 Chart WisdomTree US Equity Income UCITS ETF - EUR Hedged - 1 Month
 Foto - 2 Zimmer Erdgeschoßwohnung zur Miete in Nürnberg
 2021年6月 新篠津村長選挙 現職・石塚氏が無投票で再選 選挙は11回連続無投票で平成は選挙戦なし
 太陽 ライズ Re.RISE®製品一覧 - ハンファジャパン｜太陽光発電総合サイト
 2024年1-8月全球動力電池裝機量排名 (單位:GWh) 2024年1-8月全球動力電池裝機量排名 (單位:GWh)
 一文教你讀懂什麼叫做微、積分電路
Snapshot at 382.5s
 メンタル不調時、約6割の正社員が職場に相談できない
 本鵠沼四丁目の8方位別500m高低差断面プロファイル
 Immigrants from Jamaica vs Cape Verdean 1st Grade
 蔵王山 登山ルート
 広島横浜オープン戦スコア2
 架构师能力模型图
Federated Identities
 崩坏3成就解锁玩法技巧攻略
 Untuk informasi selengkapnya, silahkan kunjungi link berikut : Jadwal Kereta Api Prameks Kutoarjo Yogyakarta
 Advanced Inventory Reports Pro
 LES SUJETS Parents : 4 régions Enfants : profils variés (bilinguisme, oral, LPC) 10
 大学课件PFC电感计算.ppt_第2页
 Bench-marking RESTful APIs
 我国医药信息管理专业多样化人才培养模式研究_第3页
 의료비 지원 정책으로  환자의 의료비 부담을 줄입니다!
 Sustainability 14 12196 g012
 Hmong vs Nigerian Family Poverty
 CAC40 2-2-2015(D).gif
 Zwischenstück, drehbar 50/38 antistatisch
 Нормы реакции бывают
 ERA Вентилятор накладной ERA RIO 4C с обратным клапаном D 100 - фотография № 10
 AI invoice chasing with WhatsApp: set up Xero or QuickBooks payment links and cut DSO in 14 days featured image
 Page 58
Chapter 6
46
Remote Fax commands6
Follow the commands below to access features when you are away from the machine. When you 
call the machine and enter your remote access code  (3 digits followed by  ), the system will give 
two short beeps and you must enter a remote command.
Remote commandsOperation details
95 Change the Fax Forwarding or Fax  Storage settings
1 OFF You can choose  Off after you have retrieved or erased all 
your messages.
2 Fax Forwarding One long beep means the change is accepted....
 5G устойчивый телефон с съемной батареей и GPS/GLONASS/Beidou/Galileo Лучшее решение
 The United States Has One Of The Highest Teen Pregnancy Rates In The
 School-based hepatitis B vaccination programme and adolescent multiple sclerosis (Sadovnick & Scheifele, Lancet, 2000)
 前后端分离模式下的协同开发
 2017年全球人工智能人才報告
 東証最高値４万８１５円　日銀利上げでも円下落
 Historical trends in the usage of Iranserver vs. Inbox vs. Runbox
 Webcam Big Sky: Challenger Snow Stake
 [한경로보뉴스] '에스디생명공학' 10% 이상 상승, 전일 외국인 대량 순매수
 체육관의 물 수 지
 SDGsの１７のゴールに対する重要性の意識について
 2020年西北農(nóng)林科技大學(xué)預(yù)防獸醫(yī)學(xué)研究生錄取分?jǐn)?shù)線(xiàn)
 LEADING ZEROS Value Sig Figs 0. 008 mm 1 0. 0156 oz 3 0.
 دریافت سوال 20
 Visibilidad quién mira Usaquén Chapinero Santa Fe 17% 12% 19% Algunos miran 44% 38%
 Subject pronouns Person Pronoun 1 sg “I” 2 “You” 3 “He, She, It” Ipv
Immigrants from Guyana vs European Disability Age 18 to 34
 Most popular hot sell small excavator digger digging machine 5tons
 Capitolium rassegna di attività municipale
⁂
From the listing above, collect each line in which the string "enter" appears.

call the machine and enter your remote access code  (3 digits followed by  ), the system will give 
two short beeps and you must enter a remote command.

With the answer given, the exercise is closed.